*WHAT IS REQUIRED*
Copy the lines below exactly. Start at the first and finish with the line containing "Sites similar to lewisvillenorthanimalclinic.com".

*ENTRIES SHOWN*
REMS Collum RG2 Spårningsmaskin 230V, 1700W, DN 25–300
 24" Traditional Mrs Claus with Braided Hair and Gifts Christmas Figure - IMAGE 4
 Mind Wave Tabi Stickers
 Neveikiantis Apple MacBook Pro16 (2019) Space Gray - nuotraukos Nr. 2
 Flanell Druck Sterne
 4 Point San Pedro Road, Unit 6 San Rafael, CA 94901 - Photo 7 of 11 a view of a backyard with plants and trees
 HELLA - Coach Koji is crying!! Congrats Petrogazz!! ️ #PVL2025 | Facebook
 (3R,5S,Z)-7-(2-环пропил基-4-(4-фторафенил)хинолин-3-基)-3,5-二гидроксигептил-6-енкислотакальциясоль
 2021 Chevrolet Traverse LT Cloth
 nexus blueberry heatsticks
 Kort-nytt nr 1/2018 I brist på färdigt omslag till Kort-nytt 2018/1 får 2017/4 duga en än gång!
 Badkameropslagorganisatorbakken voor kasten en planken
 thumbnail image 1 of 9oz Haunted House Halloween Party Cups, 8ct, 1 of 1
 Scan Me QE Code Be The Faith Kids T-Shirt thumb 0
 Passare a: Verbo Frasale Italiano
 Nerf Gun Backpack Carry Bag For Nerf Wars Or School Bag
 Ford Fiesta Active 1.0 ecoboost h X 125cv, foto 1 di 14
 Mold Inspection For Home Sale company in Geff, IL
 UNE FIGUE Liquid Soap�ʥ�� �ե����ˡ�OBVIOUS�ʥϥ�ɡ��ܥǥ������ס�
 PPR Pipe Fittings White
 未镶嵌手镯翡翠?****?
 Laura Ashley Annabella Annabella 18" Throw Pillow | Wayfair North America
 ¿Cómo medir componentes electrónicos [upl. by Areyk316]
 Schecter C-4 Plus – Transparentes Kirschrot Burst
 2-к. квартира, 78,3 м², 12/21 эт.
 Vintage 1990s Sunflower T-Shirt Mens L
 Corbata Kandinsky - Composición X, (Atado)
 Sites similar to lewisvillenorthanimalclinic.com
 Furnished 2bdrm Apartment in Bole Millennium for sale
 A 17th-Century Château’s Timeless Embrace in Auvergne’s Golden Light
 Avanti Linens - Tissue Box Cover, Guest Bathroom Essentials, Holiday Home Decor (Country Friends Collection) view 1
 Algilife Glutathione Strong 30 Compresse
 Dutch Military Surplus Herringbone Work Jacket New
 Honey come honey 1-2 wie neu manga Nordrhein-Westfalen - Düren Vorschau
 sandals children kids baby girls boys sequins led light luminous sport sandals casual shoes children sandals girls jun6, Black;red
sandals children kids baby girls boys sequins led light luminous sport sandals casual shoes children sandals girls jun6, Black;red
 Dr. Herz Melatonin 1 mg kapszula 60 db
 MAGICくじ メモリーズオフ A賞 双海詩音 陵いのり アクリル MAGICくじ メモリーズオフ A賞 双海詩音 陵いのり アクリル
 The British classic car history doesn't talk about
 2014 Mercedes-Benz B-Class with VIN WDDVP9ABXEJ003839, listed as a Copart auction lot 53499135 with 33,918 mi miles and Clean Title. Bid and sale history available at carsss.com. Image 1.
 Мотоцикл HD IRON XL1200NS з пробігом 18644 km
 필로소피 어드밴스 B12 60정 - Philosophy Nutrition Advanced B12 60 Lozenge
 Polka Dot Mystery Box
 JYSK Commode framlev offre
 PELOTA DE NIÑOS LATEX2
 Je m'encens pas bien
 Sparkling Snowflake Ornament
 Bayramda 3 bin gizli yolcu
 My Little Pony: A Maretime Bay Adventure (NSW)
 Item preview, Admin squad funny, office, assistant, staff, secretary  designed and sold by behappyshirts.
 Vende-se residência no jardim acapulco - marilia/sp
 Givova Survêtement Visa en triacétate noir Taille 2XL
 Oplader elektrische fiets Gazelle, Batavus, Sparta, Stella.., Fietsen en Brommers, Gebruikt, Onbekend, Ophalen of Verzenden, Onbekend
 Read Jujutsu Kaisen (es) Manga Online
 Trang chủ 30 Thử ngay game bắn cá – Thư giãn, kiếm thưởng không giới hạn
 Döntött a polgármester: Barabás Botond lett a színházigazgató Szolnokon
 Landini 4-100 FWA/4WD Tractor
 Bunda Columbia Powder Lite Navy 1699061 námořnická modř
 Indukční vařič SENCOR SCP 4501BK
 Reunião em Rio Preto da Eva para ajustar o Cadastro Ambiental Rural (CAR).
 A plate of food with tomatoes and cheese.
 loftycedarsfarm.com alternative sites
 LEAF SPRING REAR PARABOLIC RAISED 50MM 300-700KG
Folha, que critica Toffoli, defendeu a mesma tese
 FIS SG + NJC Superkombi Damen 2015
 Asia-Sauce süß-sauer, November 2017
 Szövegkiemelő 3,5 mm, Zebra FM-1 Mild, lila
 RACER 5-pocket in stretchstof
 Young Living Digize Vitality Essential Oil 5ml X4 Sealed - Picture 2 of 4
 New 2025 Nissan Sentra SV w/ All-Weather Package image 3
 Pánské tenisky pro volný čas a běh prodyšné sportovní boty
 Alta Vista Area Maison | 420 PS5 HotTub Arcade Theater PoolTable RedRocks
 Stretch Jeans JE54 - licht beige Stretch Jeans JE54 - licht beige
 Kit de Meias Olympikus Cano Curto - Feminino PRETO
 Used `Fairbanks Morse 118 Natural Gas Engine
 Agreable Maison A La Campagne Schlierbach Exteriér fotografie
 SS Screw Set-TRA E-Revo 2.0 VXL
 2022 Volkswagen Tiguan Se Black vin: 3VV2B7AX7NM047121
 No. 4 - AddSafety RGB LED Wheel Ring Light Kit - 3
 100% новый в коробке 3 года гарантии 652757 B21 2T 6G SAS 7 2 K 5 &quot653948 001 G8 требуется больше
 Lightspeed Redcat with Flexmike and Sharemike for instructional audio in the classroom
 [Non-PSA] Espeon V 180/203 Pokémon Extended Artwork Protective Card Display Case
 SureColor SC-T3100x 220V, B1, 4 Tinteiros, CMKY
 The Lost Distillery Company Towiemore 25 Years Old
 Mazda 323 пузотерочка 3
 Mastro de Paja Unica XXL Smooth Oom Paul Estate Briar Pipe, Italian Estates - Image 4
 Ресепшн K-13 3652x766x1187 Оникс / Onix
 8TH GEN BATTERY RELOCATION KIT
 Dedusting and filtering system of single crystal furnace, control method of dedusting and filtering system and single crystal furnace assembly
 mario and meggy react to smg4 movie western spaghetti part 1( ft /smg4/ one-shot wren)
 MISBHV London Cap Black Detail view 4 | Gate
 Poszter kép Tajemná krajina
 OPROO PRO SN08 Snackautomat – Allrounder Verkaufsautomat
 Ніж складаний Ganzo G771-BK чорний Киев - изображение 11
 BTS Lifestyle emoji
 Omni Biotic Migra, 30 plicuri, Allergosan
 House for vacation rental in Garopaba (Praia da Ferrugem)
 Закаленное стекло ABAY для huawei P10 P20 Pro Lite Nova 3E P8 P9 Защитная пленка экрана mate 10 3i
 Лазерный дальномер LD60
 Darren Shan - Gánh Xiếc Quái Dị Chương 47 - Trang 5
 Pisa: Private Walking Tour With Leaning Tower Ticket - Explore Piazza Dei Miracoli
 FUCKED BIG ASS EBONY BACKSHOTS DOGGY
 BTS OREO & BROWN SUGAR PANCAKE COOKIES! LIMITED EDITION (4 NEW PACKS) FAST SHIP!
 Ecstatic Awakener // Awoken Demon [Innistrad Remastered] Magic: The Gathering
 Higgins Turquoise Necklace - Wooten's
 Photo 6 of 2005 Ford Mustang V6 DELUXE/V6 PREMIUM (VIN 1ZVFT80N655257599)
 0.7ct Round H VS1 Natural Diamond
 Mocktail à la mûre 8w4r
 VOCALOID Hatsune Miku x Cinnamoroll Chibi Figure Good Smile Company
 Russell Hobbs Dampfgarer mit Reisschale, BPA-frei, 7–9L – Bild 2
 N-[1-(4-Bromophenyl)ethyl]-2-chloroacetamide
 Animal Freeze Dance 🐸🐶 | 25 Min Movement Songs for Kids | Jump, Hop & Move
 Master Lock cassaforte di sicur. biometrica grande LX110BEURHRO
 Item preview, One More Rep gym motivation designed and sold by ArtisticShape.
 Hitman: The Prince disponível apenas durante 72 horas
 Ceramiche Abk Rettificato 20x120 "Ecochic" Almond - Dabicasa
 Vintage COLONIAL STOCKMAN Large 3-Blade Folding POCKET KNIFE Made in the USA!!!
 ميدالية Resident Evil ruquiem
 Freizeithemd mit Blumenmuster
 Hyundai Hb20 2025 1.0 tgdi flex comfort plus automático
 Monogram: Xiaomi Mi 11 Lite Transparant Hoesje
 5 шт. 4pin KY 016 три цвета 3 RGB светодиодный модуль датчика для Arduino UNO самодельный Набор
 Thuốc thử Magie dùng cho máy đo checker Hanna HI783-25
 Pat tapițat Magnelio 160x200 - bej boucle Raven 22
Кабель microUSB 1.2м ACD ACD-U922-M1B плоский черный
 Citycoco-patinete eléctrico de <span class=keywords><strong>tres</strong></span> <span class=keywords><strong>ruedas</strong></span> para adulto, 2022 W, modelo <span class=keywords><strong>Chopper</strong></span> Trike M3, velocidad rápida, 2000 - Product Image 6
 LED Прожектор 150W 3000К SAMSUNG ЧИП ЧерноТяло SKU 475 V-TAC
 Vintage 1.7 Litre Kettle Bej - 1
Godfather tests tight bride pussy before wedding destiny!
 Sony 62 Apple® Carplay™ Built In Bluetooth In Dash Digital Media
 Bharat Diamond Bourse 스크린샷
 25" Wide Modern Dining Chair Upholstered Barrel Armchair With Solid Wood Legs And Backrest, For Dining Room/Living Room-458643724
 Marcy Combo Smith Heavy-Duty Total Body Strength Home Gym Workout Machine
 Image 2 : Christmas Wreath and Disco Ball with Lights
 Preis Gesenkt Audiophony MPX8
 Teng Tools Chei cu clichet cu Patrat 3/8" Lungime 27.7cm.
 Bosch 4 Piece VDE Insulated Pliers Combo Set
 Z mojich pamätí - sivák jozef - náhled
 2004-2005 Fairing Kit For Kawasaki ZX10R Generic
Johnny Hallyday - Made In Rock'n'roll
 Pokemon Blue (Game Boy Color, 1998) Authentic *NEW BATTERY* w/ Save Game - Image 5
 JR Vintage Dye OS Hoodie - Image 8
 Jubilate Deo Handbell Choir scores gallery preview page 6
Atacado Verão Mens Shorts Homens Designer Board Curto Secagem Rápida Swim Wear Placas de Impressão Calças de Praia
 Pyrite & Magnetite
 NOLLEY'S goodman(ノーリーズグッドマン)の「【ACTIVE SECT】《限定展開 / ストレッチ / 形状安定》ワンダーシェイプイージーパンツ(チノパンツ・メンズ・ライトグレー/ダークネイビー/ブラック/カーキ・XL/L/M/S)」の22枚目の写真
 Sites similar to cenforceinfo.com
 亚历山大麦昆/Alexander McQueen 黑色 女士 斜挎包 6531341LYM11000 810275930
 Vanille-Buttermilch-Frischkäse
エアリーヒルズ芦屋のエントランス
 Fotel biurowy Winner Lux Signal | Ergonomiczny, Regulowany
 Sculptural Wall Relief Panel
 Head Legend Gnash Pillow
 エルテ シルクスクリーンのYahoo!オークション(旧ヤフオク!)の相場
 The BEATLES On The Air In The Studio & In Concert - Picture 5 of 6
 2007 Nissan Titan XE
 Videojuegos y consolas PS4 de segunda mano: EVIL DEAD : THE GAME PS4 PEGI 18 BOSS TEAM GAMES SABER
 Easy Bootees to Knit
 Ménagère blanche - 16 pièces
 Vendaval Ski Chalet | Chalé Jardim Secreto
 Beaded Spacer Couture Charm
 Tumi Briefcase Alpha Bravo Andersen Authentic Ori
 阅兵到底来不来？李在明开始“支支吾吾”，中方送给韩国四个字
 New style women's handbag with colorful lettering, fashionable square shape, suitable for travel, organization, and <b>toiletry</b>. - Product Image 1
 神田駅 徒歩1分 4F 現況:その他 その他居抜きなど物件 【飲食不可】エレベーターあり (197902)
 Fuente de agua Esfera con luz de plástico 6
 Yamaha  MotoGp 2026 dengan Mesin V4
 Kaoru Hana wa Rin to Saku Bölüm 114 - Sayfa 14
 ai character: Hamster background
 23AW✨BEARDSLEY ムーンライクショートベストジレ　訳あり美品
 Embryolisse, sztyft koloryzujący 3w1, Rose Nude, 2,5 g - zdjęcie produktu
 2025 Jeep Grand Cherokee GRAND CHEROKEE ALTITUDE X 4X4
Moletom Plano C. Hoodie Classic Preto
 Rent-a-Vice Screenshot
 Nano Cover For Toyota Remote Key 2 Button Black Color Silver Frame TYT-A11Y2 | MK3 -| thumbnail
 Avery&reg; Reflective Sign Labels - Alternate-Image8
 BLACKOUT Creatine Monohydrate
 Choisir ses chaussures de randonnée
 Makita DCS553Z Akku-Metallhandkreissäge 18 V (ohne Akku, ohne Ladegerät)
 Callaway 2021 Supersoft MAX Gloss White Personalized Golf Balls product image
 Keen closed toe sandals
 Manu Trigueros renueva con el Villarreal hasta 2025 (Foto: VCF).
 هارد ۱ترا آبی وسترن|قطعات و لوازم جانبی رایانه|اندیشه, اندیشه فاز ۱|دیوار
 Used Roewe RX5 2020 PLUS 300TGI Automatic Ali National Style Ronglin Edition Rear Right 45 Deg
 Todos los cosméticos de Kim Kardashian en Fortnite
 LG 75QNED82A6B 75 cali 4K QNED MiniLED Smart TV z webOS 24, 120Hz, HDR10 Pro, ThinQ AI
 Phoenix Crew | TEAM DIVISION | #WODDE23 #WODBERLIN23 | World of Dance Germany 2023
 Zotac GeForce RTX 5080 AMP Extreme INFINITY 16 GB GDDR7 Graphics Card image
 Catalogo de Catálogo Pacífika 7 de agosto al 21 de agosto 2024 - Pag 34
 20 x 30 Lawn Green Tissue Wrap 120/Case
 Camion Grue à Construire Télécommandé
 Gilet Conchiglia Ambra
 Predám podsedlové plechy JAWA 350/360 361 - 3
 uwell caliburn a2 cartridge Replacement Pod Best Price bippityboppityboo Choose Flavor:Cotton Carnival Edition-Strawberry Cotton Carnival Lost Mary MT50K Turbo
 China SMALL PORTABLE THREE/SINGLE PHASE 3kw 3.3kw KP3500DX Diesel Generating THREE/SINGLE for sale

*RESPONSE TO THIS TASK*
REMS Collum RG2 Spårningsmaskin 230V, 1700W, DN 25–300
 24" Traditional Mrs Claus with Braided Hair and Gifts Christmas Figure - IMAGE 4
 Mind Wave Tabi Stickers
 Neveikiantis Apple MacBook Pro16 (2019) Space Gray - nuotraukos Nr. 2
 Flanell Druck Sterne
 4 Point San Pedro Road, Unit 6 San Rafael, CA 94901 - Photo 7 of 11 a view of a backyard with plants and trees
 HELLA - Coach Koji is crying!! Congrats Petrogazz!! ️ #PVL2025 | Facebook
 (3R,5S,Z)-7-(2-环пропил基-4-(4-фторафенил)хинолин-3-基)-3,5-二гидроксигептил-6-енкислотакальциясоль
 2021 Chevrolet Traverse LT Cloth
 nexus blueberry heatsticks
 Kort-nytt nr 1/2018 I brist på färdigt omslag till Kort-nytt 2018/1 får 2017/4 duga en än gång!
 Badkameropslagorganisatorbakken voor kasten en planken
 thumbnail image 1 of 9oz Haunted House Halloween Party Cups, 8ct, 1 of 1
 Scan Me QE Code Be The Faith Kids T-Shirt thumb 0
 Passare a: Verbo Frasale Italiano
 Nerf Gun Backpack Carry Bag For Nerf Wars Or School Bag
 Ford Fiesta Active 1.0 ecoboost h X 125cv, foto 1 di 14
 Mold Inspection For Home Sale company in Geff, IL
 UNE FIGUE Liquid Soap�ʥ�� �ե����ˡ�OBVIOUS�ʥϥ�ɡ��ܥǥ������ס�
 PPR Pipe Fittings White
 未镶嵌手镯翡翠?****?
 Laura Ashley Annabella Annabella 18" Throw Pillow | Wayfair North America
 ¿Cómo medir componentes electrónicos [upl. by Areyk316]
 Schecter C-4 Plus – Transparentes Kirschrot Burst
 2-к. квартира, 78,3 м², 12/21 эт.
 Vintage 1990s Sunflower T-Shirt Mens L
 Corbata Kandinsky - Composición X, (Atado)
 Sites similar to lewisvillenorthanimalclinic.com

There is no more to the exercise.